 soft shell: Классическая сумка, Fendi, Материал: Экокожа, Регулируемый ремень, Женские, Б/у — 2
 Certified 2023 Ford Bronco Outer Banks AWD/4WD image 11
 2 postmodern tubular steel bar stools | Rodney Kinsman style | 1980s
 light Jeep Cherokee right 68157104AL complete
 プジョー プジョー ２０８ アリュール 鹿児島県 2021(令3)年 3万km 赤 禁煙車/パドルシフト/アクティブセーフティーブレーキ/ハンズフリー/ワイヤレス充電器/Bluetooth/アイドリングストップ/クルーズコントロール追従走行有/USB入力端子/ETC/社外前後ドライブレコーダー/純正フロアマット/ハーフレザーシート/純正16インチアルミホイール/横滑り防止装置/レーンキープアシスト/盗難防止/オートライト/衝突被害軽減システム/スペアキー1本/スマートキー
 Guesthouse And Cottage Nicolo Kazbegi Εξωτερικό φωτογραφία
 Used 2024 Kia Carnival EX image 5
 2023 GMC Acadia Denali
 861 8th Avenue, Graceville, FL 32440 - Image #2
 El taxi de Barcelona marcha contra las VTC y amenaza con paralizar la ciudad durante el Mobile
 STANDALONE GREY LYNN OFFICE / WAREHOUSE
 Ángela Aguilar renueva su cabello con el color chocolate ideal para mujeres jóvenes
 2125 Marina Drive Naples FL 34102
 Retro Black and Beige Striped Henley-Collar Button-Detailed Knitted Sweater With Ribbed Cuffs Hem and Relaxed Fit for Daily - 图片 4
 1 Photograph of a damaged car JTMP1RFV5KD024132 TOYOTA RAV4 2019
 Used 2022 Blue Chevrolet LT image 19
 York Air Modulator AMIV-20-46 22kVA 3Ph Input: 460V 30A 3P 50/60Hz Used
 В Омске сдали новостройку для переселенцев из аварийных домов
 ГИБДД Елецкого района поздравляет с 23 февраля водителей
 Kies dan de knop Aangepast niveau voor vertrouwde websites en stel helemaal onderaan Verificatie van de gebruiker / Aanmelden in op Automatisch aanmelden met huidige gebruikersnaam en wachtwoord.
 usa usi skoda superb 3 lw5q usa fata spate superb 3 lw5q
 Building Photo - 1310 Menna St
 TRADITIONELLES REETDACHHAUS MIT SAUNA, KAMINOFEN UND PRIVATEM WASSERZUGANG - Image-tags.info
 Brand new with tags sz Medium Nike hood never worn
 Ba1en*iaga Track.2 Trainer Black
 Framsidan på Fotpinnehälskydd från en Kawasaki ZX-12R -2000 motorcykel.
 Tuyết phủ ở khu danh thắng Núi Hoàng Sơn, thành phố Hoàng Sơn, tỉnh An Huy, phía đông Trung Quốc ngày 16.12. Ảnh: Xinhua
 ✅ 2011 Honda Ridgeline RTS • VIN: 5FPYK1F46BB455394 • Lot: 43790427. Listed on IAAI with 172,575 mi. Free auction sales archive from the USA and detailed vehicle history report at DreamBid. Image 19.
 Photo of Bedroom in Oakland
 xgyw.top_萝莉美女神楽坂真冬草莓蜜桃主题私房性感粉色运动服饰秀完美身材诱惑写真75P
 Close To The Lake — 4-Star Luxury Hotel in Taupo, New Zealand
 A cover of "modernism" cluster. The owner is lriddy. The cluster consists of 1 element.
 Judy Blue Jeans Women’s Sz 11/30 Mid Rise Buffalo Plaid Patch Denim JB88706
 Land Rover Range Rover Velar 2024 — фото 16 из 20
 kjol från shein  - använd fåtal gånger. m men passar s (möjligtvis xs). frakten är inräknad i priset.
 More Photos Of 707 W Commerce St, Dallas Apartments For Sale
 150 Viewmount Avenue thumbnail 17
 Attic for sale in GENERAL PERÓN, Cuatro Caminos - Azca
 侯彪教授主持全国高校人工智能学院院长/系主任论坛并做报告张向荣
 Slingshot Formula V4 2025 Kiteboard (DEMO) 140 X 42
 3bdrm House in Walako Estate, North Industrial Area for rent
------------------------------------------------------------
-- Instructions for the task --
Look above for the line holding "TRADITIONELLES REETDACHHAUS MIT" and the line holding "xgyw.top_萝莉美女神", then output exactly those two lines and every line between them, nothing more.

-- Written answer --
 TRADITIONELLES REETDACHHAUS MIT SAUNA, KAMINOFEN UND PRIVATEM WASSERZUGANG - Image-tags.info
 Brand new with tags sz Medium Nike hood never worn
 Ba1en*iaga Track.2 Trainer Black
 Framsidan på Fotpinnehälskydd från en Kawasaki ZX-12R -2000 motorcykel.
 Tuyết phủ ở khu danh thắng Núi Hoàng Sơn, thành phố Hoàng Sơn, tỉnh An Huy, phía đông Trung Quốc ngày 16.12. Ảnh: Xinhua
 ✅ 2011 Honda Ridgeline RTS • VIN: 5FPYK1F46BB455394 • Lot: 43790427. Listed on IAAI with 172,575 mi. Free auction sales archive from the USA and detailed vehicle history report at DreamBid. Image 19.
 Photo of Bedroom in Oakland
 xgyw.top_萝莉美女神楽坂真冬草莓蜜桃主题私房性感粉色运动服饰秀完美身材诱惑写真75P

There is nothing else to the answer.